Community reacts to South Bend park renovations
South Bend's riverfront could soon look a lot different. Thursday night park officials unveiled some tangible plans to develop parks along the riverfront.
The details on developing Howard Park and Seitz Park are becoming more specific, some of which include a multi-use ice skate rink and having these spaces be usable all 365 days.
"Giving each park its own identity was important while introducing a cohesive visual design so you know you're on the trail system and you know you're in a park space that's welcoming," said Aaron Perri, Executive Director Venues, Parks and Arts.
Howard Park could soon see a multi-functioning ice rink.
"I thought that it was a cool idea that they could use it as an ice rink that they could use it as a splash pad type thing," said Mishawaka resident John Goeller.
Goeller attended the meeting because he assists with developing parks in Mishawaka.
"If you can incorporate the two, that would be a lot better idea than just doing the one," he said.
Park officials said the old Howard Park Ice Rink was too one-dimensional.

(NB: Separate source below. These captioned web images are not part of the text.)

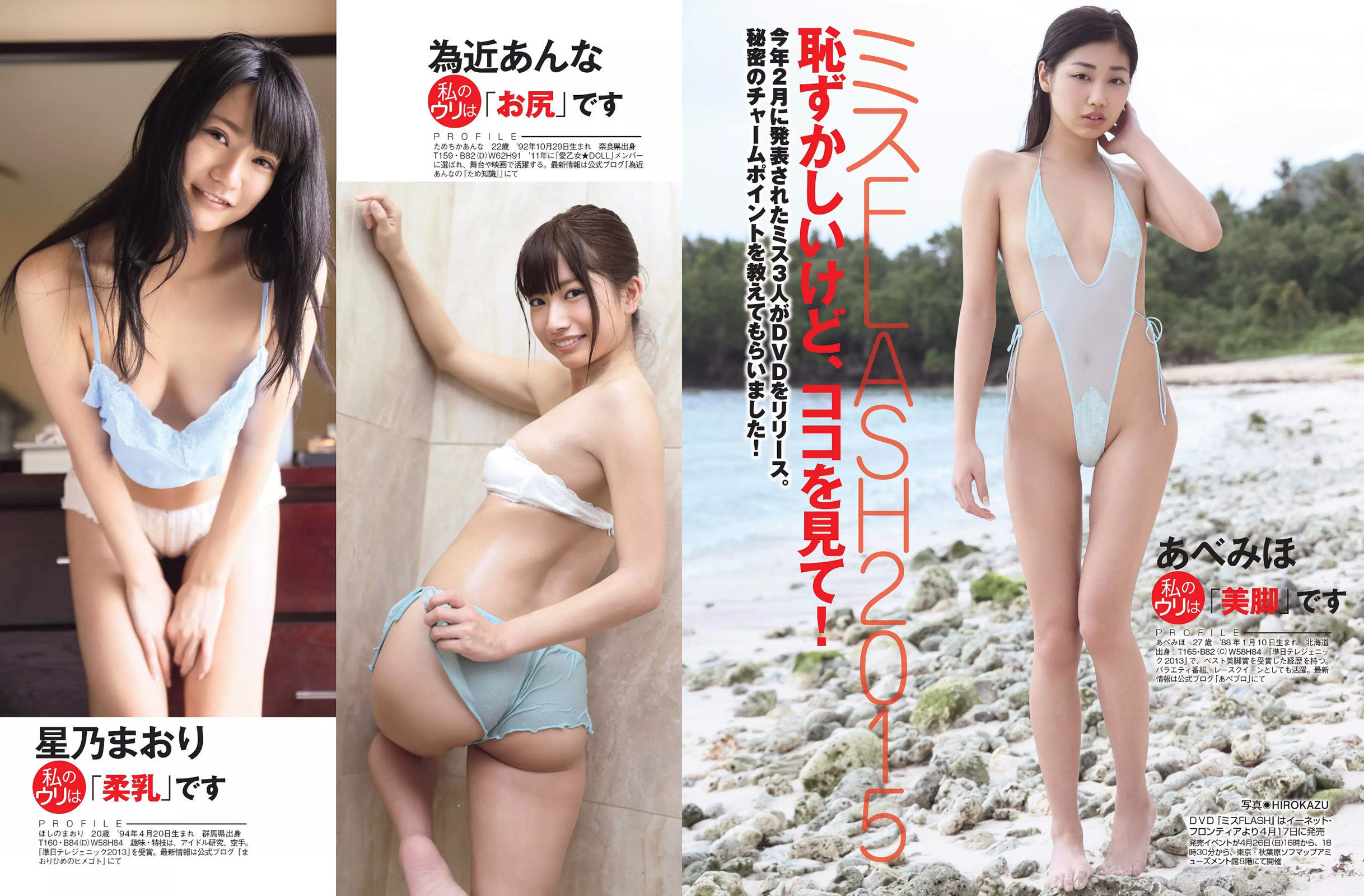 [FLASH] 2015.04.28 大島優子 小泉梓 浅香唯 熊田曜子 青木直子 芹菜々子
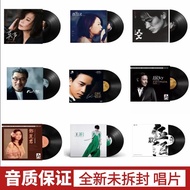Genuine Zhang Guorong Jacky Cheung Li Zongsheng Teresa Teng Fei Wang Fei Chen 40cm Vinyl Record Gram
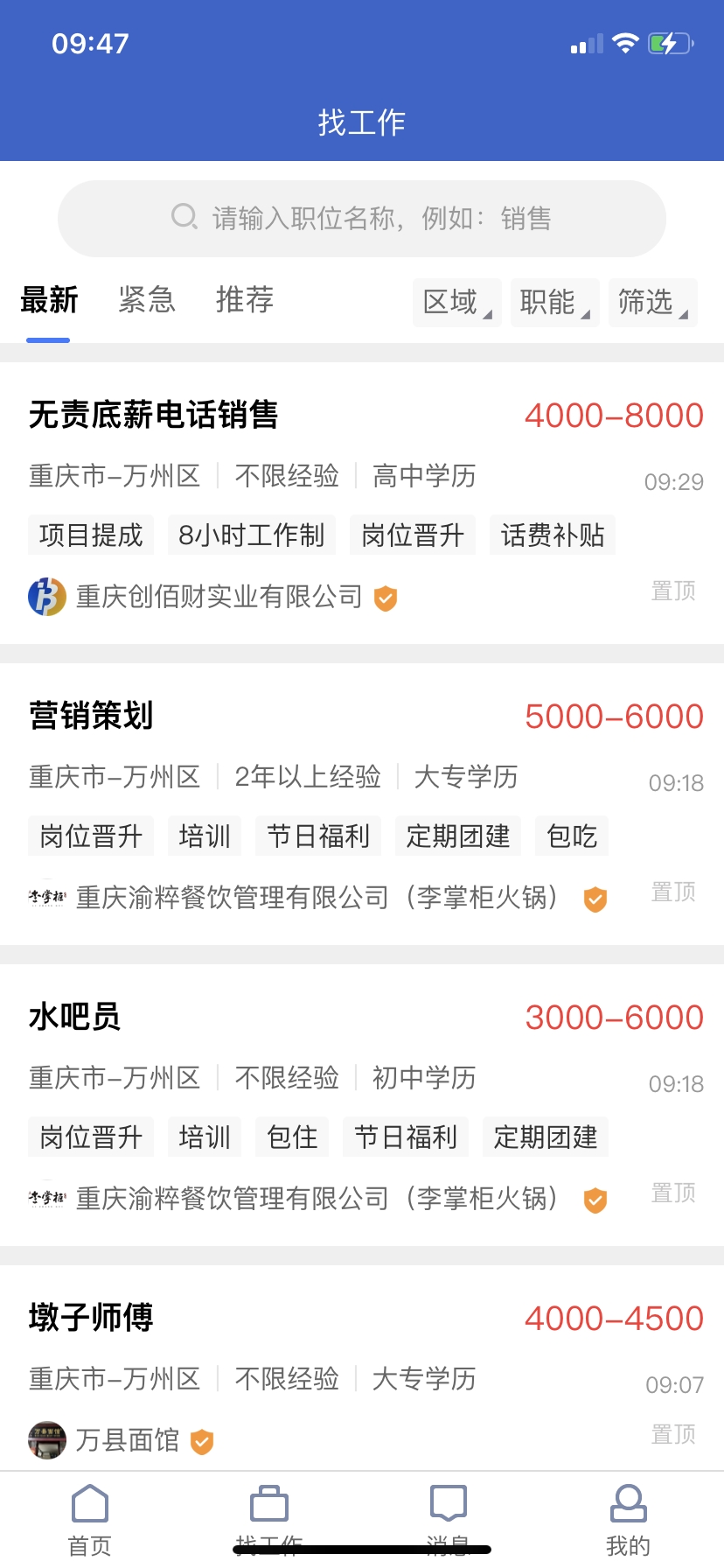 精彩截图-万州人才网2026官方新版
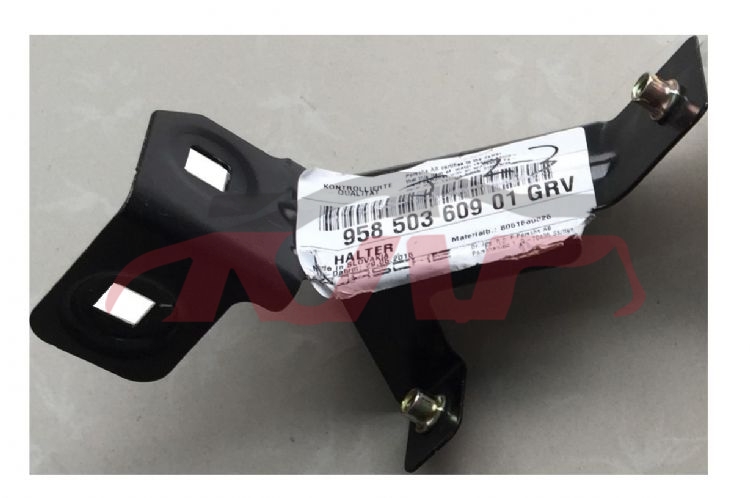 For Porsche624cayenne 958 11-14&nbsp;leaf Plate Bracket&nbsp;l 95850360901grv           R 95850361001grv, Cayenne Car Parts, Porsche Auto Lamps-L 95850360901GRV           R 95850361001GRV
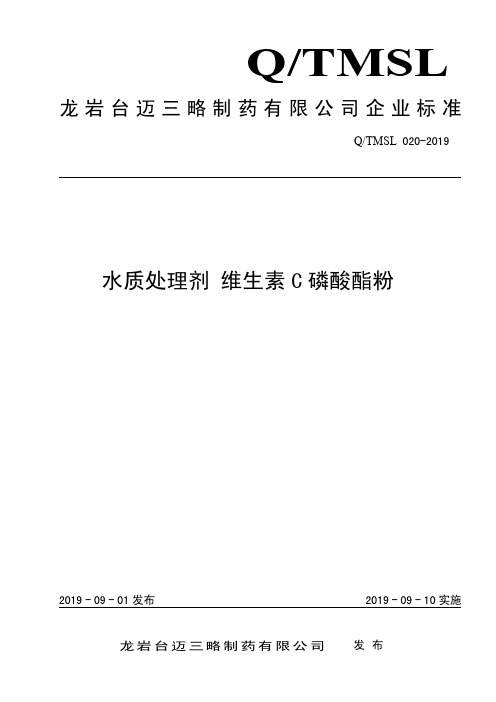 Q_TMSL  020-2019水质处理剂  维生素C磷酸酯粉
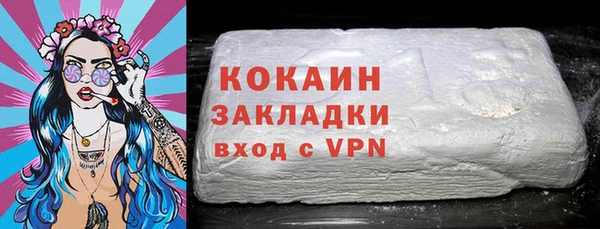 скорость Баксан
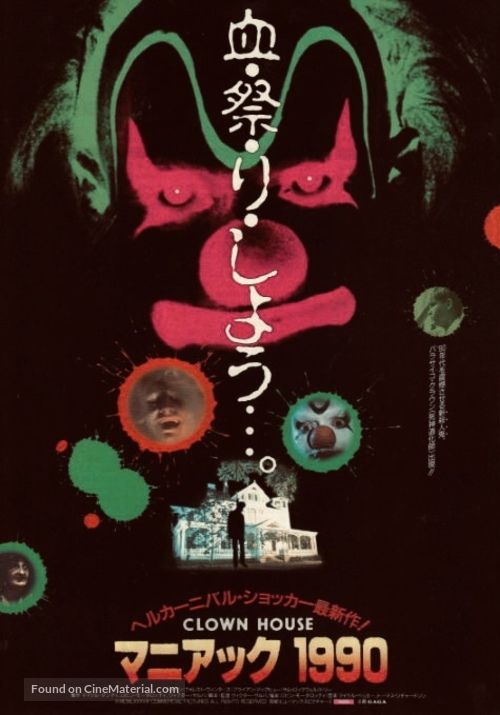 Clownhouse - Japanese Movie Poster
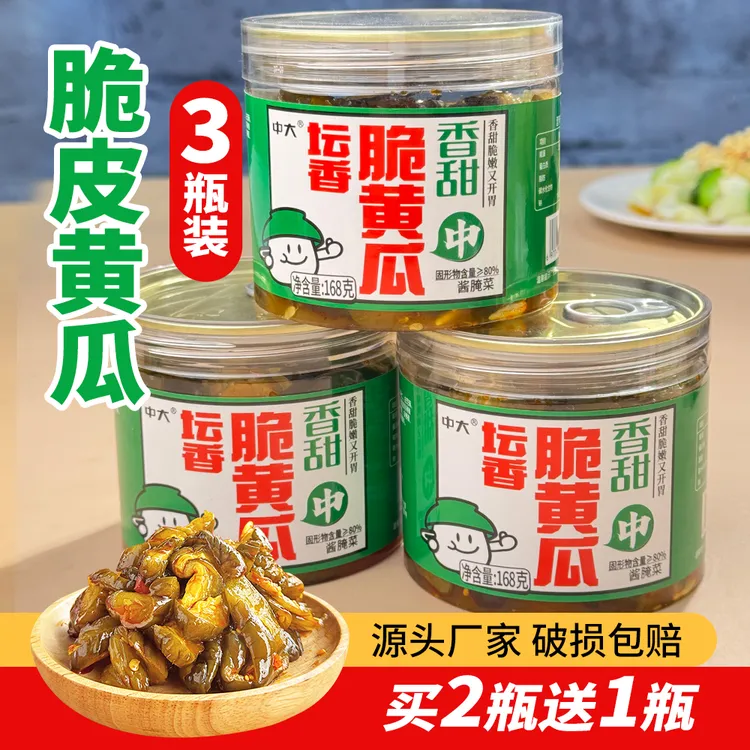 中大坛香脆皮黄瓜168g*3灌装香甜脆瓜即食下饭开胃咸菜【猴嘴TY】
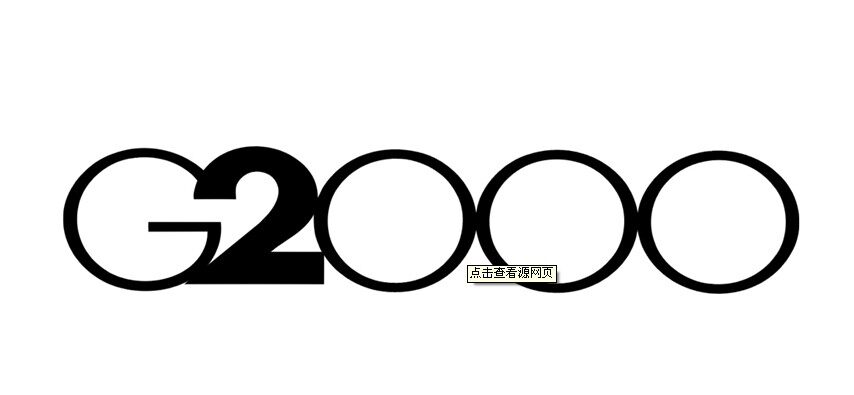 生源时代广场G2000男装郴州店招聘logo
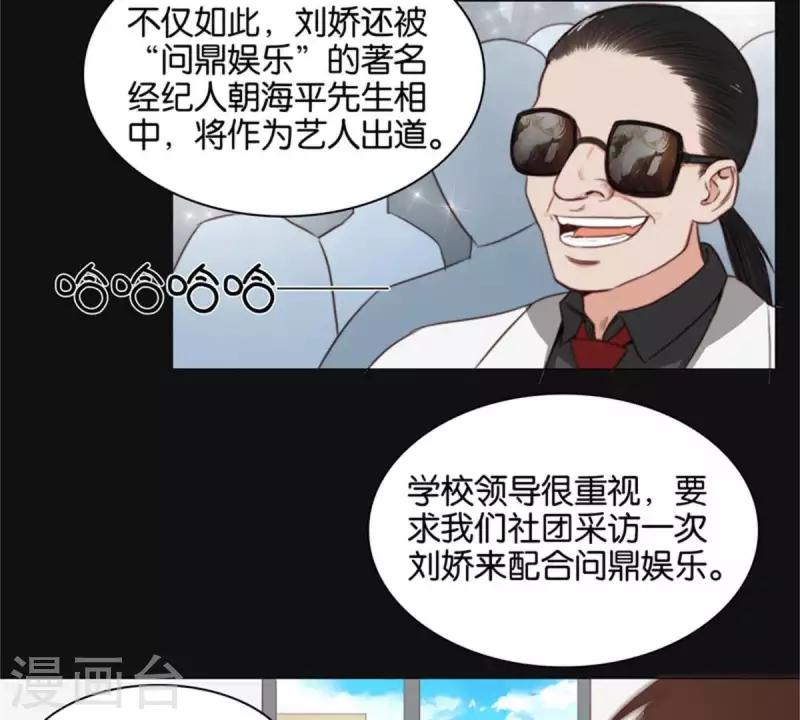 🍝贫王 第81话 动物世界充满智慧 第9页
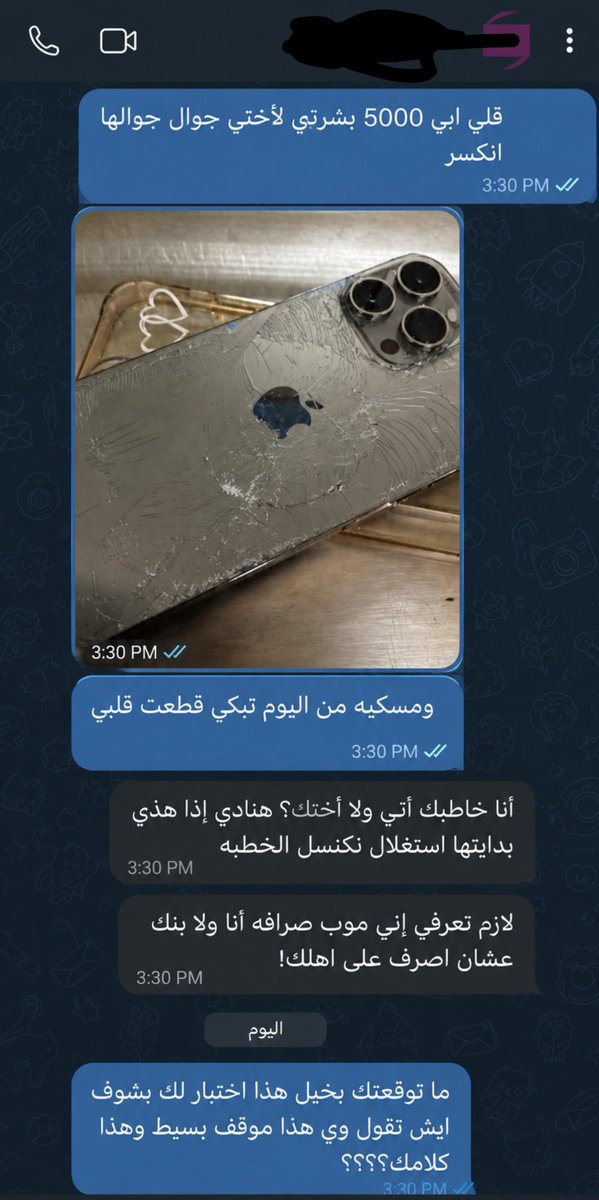 iw4o2's tweet photo. عشان كذا لاتتزوجي بخيل.!! https://t.co/9RsxjvwpcU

"When I go to a major city I love to go ice skating in the winter," said Downtown South Bend resident Anne Fuchs. "You can do it in New York, you can do it in Chicago, maybe now that's something you could do in the winter around a beautiful Christmas tree in South Bend."
Music will also still be big at Seitz Park, but now you might also get concessions and be able to use restroom facilities.
"I think we've got a plan here that the community is widely supportive of and I look forward to bringing it to fruition," Perri said.
Park officials also plan to expand the width of the river walk.
"You'll see wider river walks so that people can feel comfortable and safe along them," Perri said. "We'll phase in as much of this as possible to keep access to the riverfront as much as possible during construction."
For the most part, community members seem pretty pleased.
"I really appreciate what they're doing and I'm looking forward to taking advantage of it as a resident of downtown," Fuchs said.
"I'm looking forward to it," Downtown South Bend resident Connie Tooley said. "I think they're on the right track."
Developing the parks will cost 10 million dollars. The plans aren't completely finalized yet, but park officials will be sending them to architectural and engineering design over the next six weeks.
They hope to start work this summer.
Another community meeting will take place at at the end of April. A date has yet to be determined.